Liberal prostitution laws make Switzerland trafficking hub

trafficking

It is 8am and the rain is coming down in sheets.

The streets are empty except for a dozen women and their pimps – women from some of the world’s poorest regions including Moldova, Romania, West Africa and Southeast Asia.

Some are still in their teens.

Not far away are numerous massage parlors and saunas offering women and girls for sale.

There is a ‘drive-through’ brothel and, in 2016, a local businessman applied to the city authorities for a license to open a “fellatio cafe”.

The cafe has yet to open, but the application stated that for 50 Swiss francs (£40), customers would be able to choose a woman from photographs on an iPad menu, before ordering sex with their cappuccino.

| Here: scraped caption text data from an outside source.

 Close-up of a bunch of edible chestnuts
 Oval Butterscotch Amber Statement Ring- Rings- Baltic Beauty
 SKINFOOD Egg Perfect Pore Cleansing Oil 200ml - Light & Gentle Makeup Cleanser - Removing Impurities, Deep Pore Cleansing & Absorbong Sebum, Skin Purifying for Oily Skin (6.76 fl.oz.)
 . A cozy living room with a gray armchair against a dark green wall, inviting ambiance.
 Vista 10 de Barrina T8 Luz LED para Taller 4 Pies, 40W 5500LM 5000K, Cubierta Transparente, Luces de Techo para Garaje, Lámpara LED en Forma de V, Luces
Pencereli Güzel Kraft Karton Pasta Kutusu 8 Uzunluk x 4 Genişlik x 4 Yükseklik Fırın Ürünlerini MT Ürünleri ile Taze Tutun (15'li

This is not Amsterdam or a seedy quarter of one Asia’s megacities.

It is Geneva, Switzerland, home to the World Health Organization, the International Committee of the Red Cross and countless other UN bodies and NGOs dedicated to humanitarian causes.

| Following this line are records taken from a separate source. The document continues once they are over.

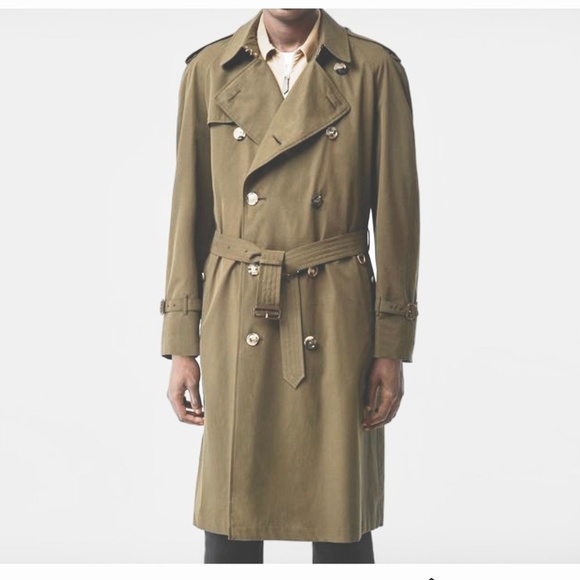 Aquascutum Men’s/Unisex Trench Coat Army Green Olive Full Lenght England Sz XL - Picture 1 of 16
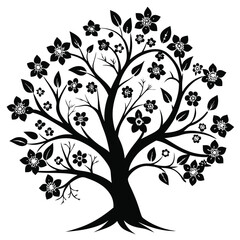 Silhouette of a Flowering Tree with Blossoms and Leaves, Black on Light Background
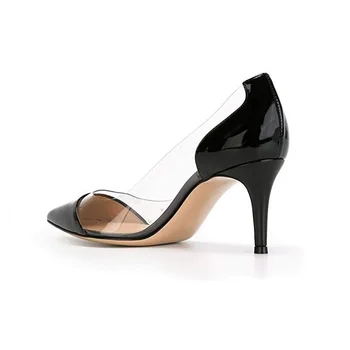 Seksīga sieviešu 5.5 cm norādīja pārredzamu sekla kurpes PVC kaķēns papēži profesionālu kāzu uzvalks 678-27PA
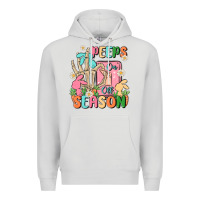 Dove Grey peeps season mode on Premium Hoodie - MaliasSmallBusiness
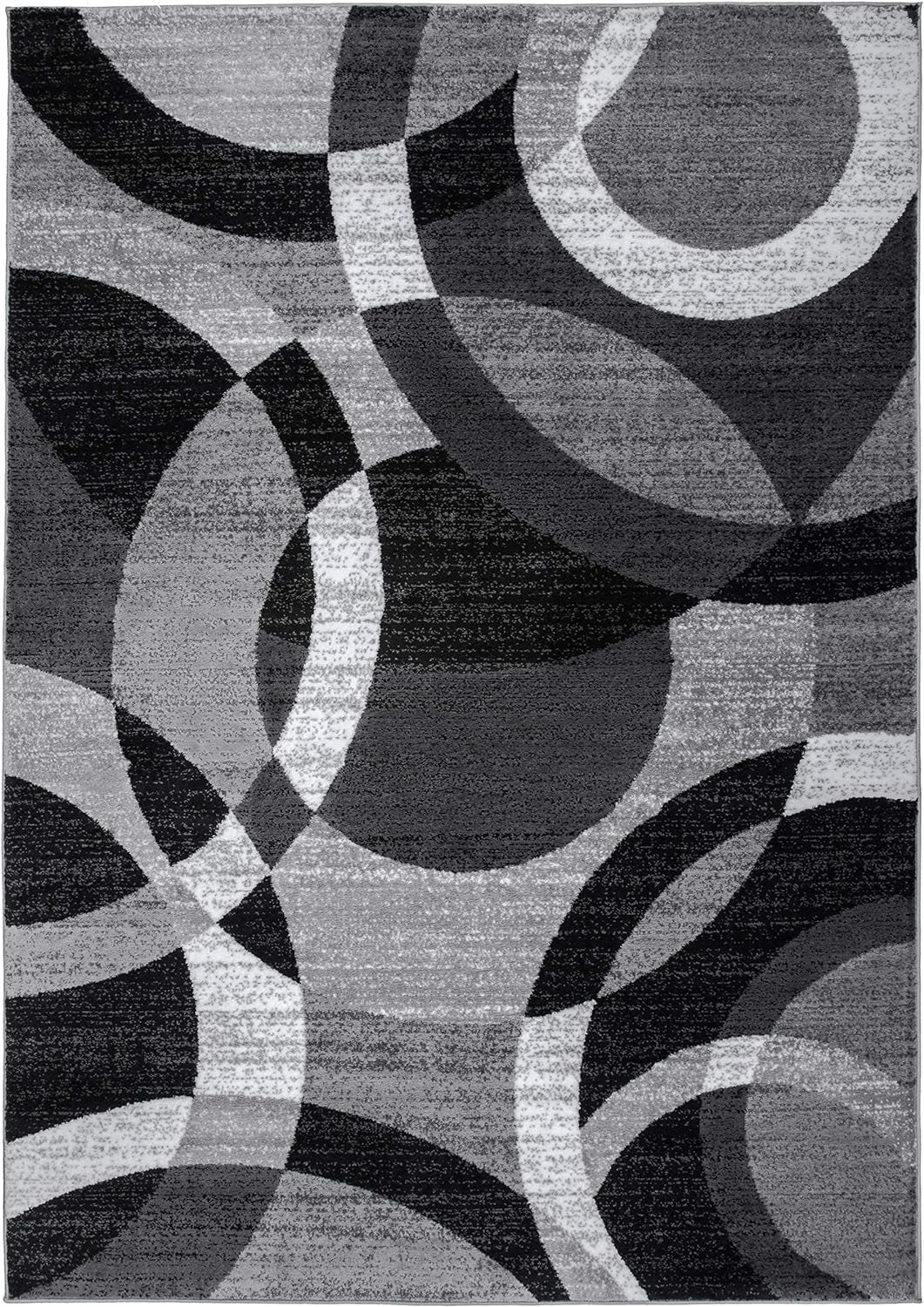 Contemporary Abstract Circles Perfect for High Traffic Areas of Your Living Room,Bedroom,Home Office,Kitchen Area Rug 6'6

Human trafficking and modern slavery are supposed to be what they are fighting against.

Yet here it is happening at scale right under their noses.

Switzerland is a primary (as opposed to a transit) destination for women being trafficked into the sex trade.

Victims originate mainly from Central and Eastern Europe, but also from Thailand, Nigeria, China, Brazil, Cameroon, the Dominican Republic and Morocco.

Although trafficking is illegal, the fuel for it – prostitution – is not. Until 2013, it was perfectly legal here to pay for sex with 16-year-old girls. Now it’s 18 and the trade is booming.

According to the Coalition Against Trafficking in Women (CATW), an international NGO, around 14,000 women are currently selling sex in Switzerland, with approximately 70 per cent coming outside the famously conservative nation.

Prosecutions are rare but two years ago a woman was convicted of trafficking 80 Thai women into Switzerland who were sent to brothels in Bern, Solothurn, Lucerne, Basel, St. Gallen and Zurich.

Like hundreds, perhaps thousands of others, they were kept under lock and key and forced to service local men to pay off their “travel debt”.

One who, aged 20, was taken from her home in Romania into a brothel in Basel and who now volunteers for an NGO in Zurich said she had been regularly beaten.

“The men in Switzerland are much richer and more educated than our men, but [they] are the same with us. They abuse us and think they can because they pay.”

The country’s willingness to see women trafficked and sold on its streets in broad daylight flies in the face of its reputation as a place of sanctuary.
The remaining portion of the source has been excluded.